───── Supplied entries ─────
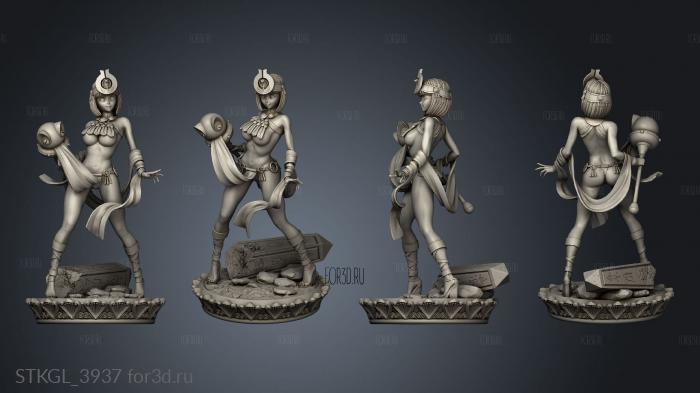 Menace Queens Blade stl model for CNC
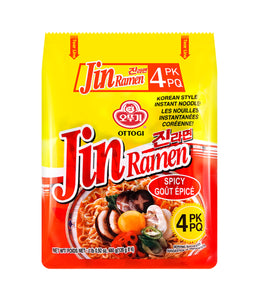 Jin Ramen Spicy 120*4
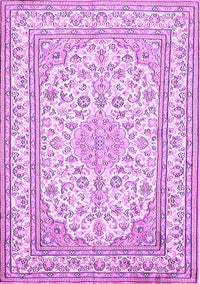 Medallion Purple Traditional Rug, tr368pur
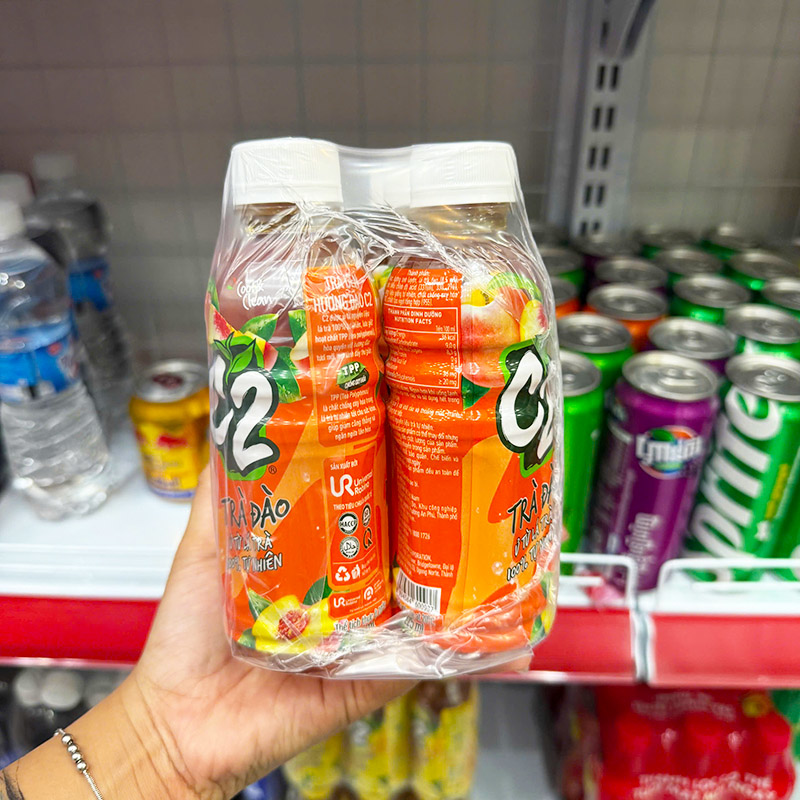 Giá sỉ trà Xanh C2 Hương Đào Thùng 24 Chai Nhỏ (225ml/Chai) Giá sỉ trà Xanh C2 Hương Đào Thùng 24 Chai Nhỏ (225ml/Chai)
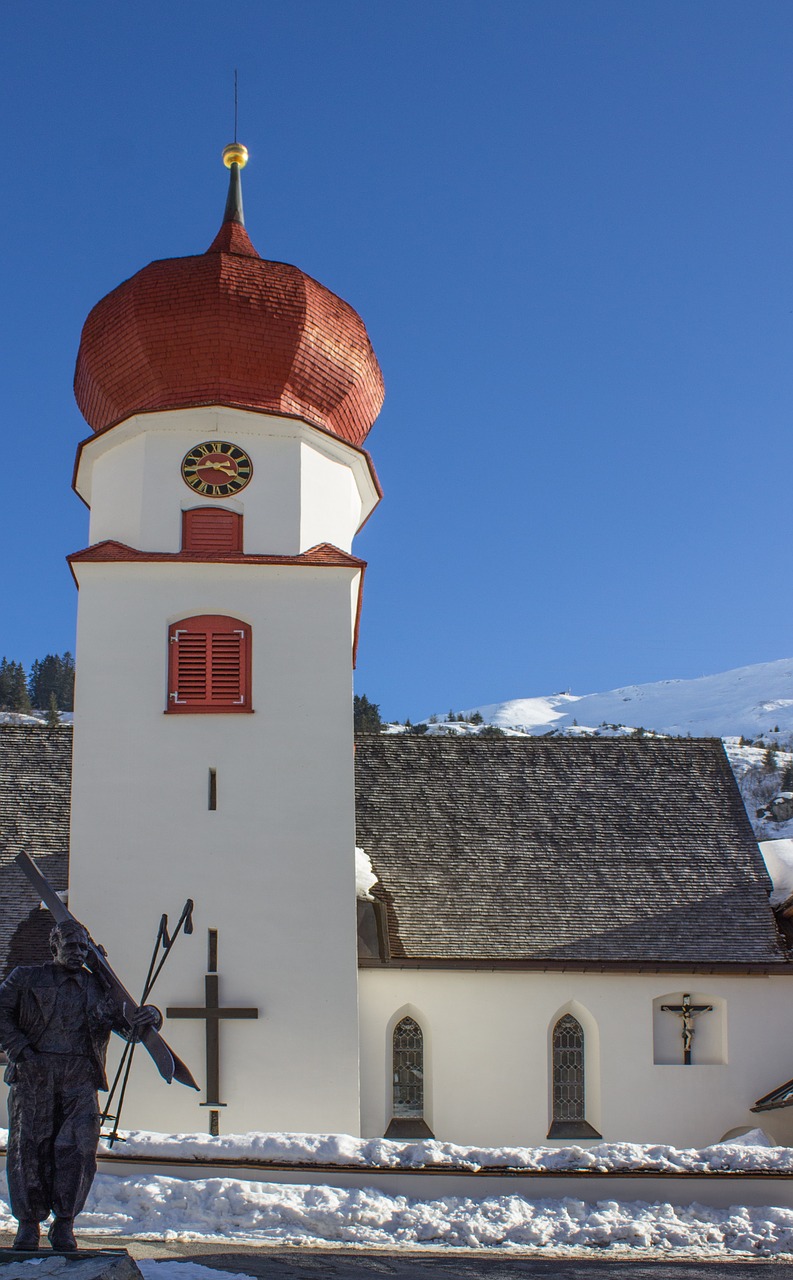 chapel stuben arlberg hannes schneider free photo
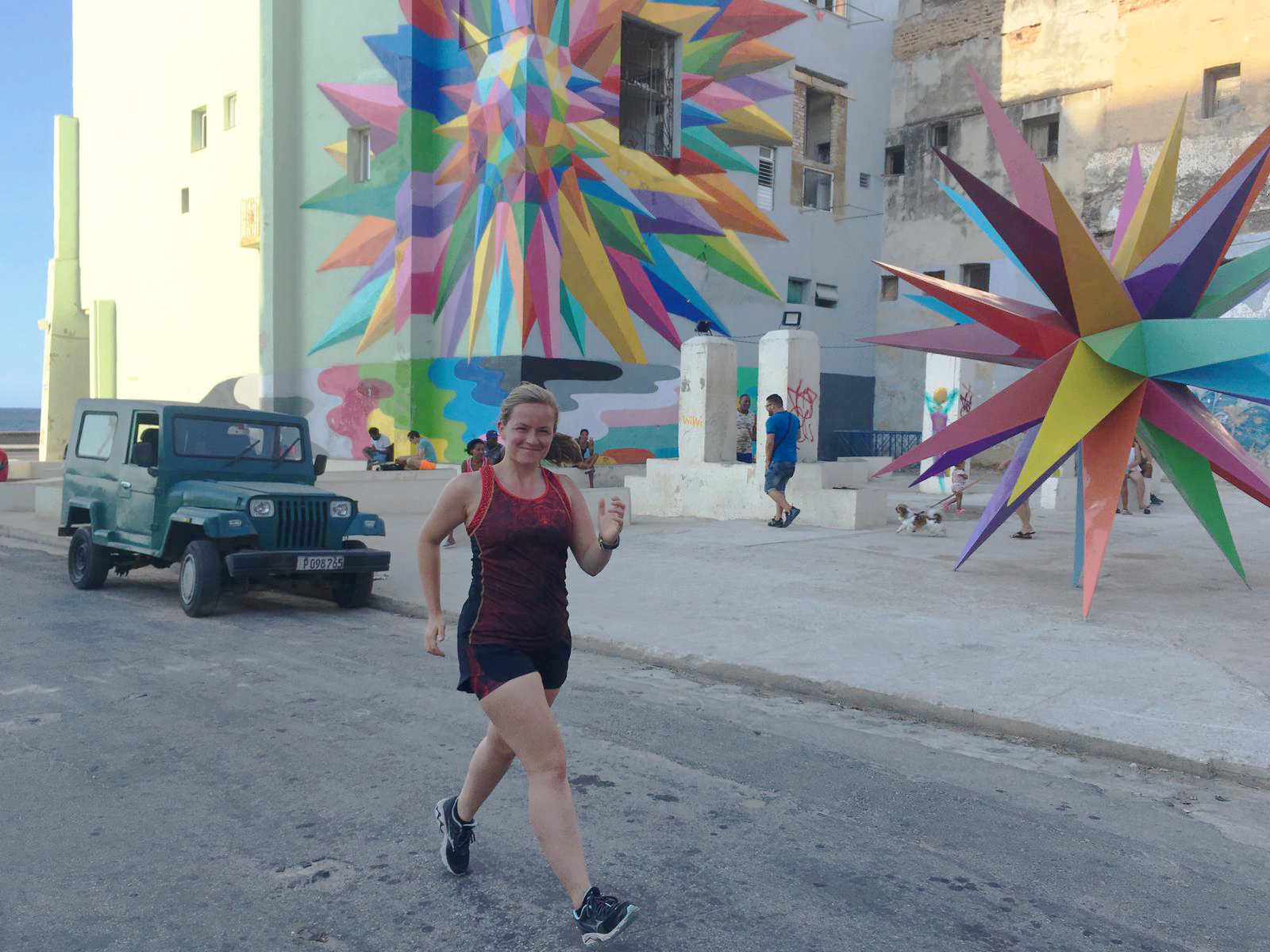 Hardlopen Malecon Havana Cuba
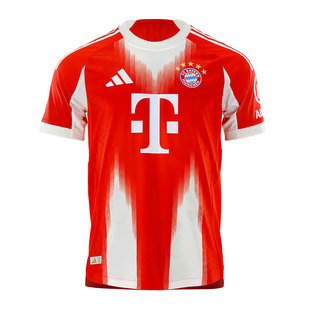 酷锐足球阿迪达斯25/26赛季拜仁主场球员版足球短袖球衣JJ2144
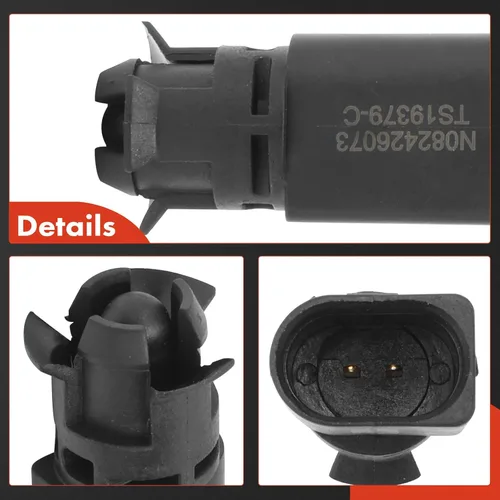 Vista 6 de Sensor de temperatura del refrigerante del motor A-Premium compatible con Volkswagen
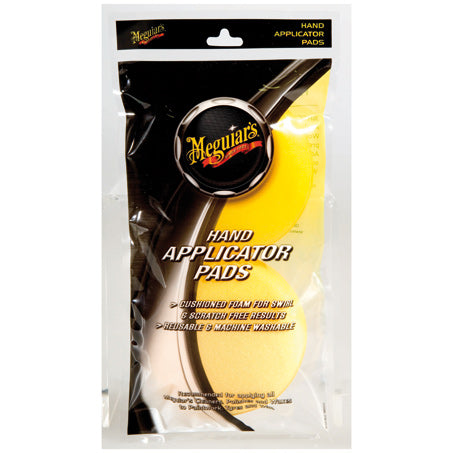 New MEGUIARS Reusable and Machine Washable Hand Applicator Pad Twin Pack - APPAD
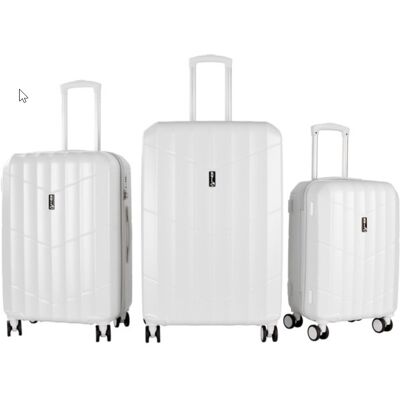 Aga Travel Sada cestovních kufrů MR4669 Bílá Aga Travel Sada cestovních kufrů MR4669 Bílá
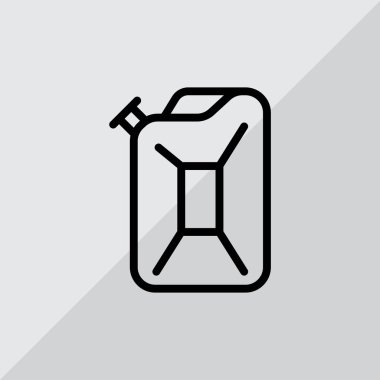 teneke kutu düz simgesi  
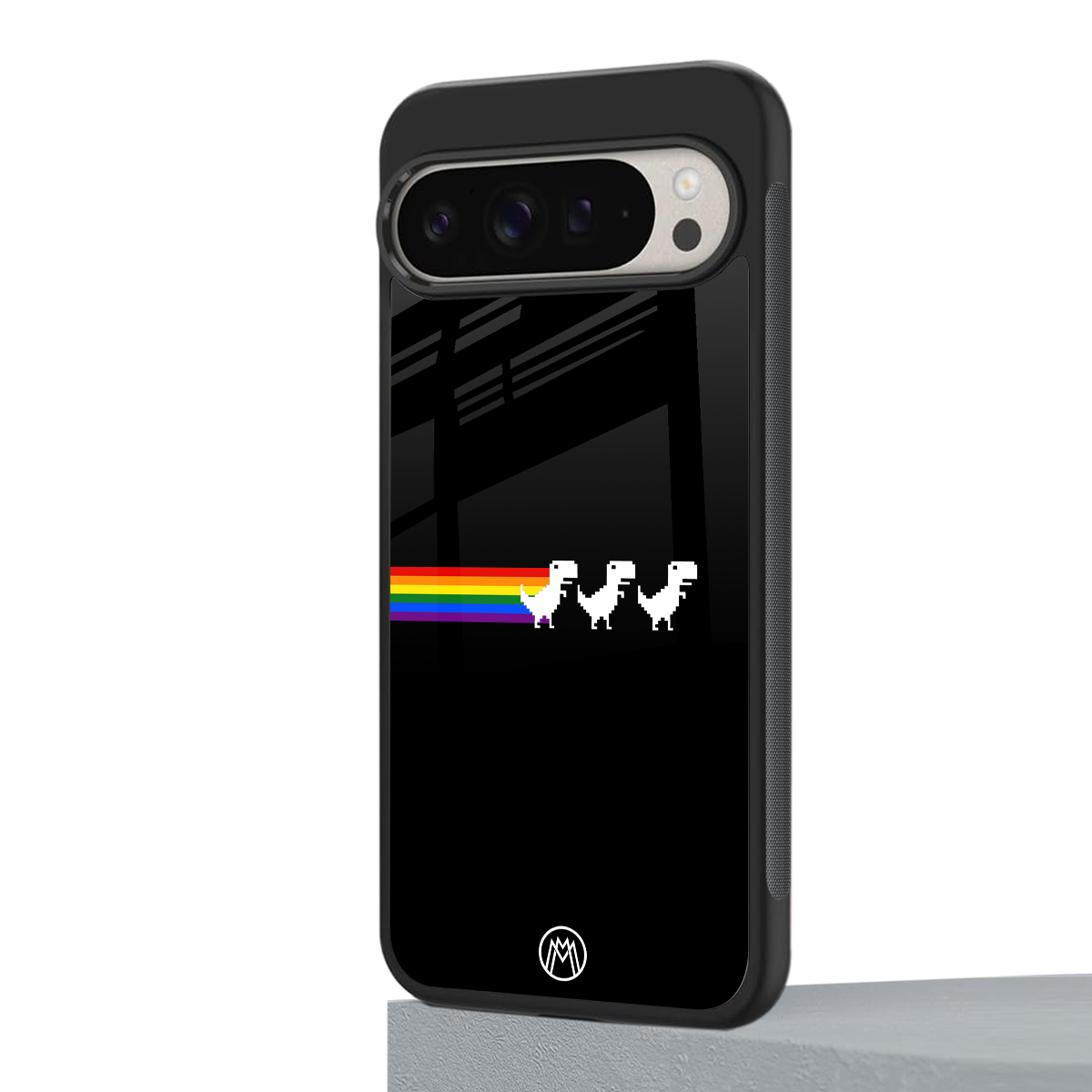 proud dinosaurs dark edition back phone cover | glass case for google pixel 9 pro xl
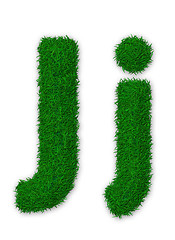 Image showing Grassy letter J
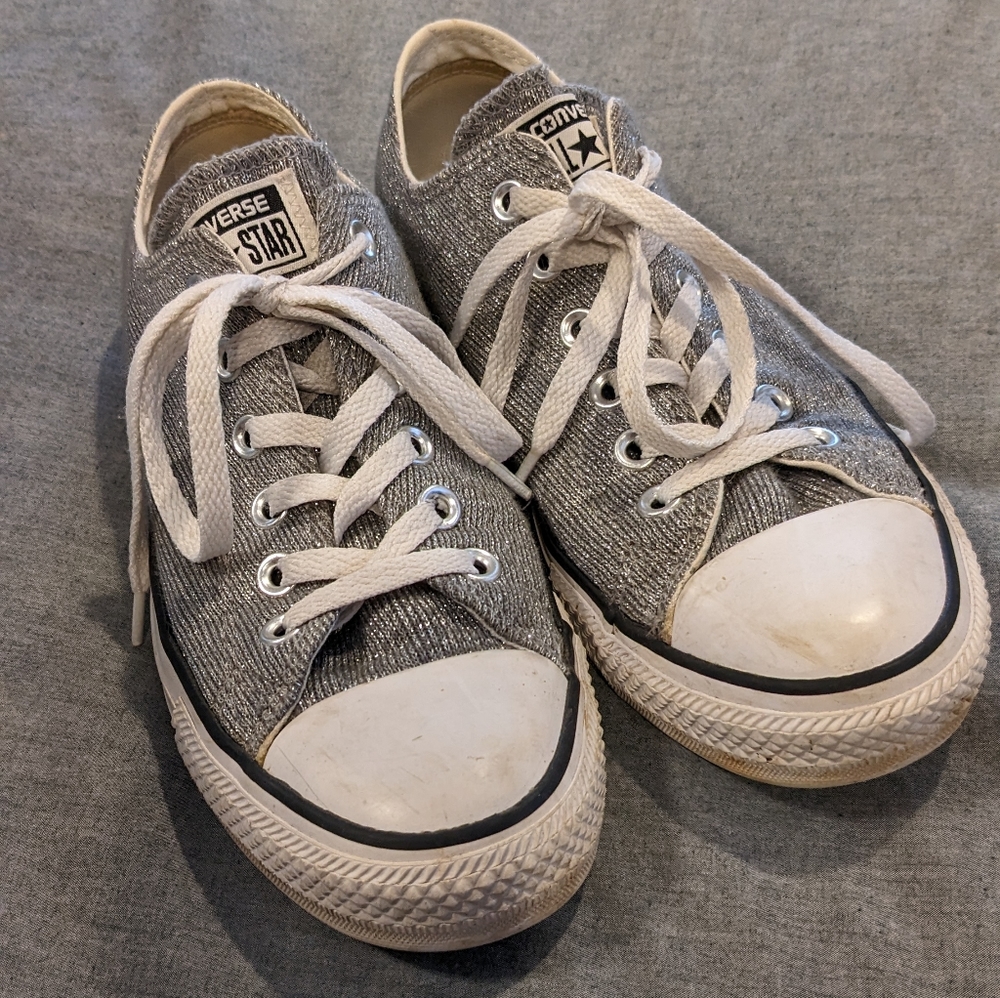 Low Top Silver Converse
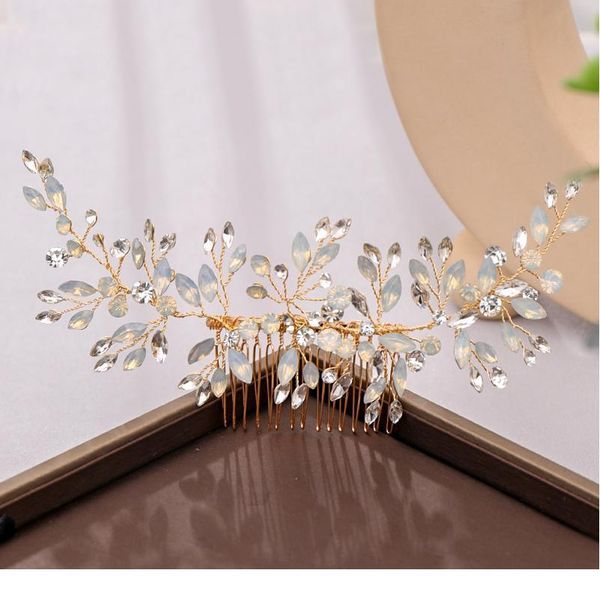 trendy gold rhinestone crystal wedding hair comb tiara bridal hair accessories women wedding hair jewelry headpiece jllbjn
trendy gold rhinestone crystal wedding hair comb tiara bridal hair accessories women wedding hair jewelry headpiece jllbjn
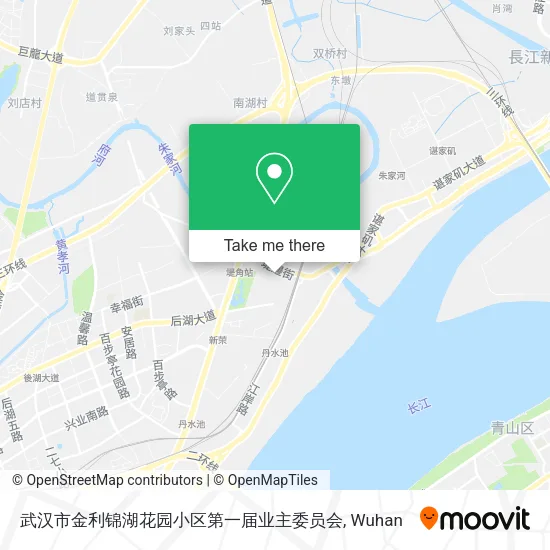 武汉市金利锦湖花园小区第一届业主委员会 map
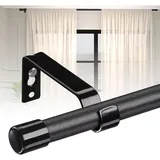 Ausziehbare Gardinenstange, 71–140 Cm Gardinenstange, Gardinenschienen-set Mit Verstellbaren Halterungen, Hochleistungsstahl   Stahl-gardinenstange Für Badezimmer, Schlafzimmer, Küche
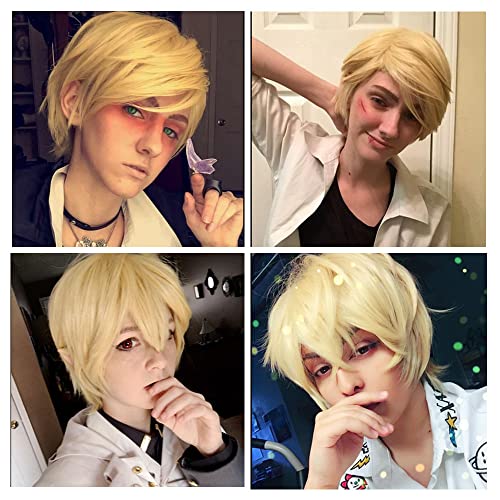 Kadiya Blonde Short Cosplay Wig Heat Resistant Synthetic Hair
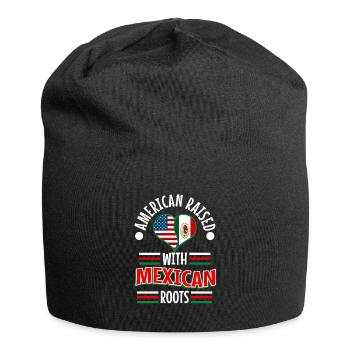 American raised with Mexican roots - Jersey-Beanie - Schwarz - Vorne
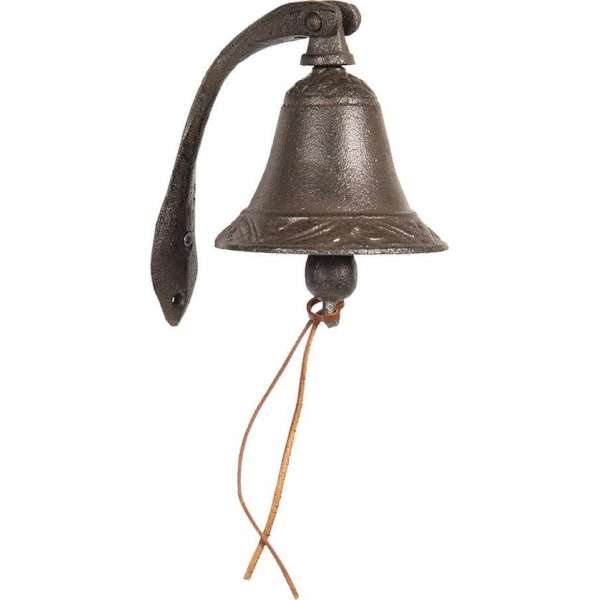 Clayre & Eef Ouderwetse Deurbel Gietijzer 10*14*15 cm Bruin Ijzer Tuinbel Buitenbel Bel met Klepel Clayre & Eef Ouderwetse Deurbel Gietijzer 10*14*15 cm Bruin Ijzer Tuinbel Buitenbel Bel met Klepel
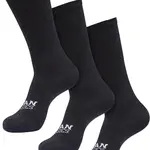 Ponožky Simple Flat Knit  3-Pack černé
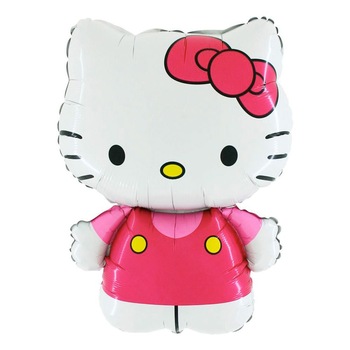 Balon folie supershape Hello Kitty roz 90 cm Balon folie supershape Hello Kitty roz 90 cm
─────
__Task objective__
Copy verbatim the span that begins at the line containing "met Klepel Clayre" and ends at the last line of the material, inclusive of both; exclude pictures.

__Exercise solution__
 Clayre & Eef Ouderwetse Deurbel Gietijzer 10*14*15 cm Bruin Ijzer Tuinbel Buitenbel Bel met Klepel Clayre & Eef Ouderwetse Deurbel Gietijzer 10*14*15 cm Bruin Ijzer Tuinbel Buitenbel Bel met Klepel
 Ponožky Simple Flat Knit  3-Pack černé
 Balon folie supershape Hello Kitty roz 90 cm Balon folie supershape Hello Kitty roz 90 cm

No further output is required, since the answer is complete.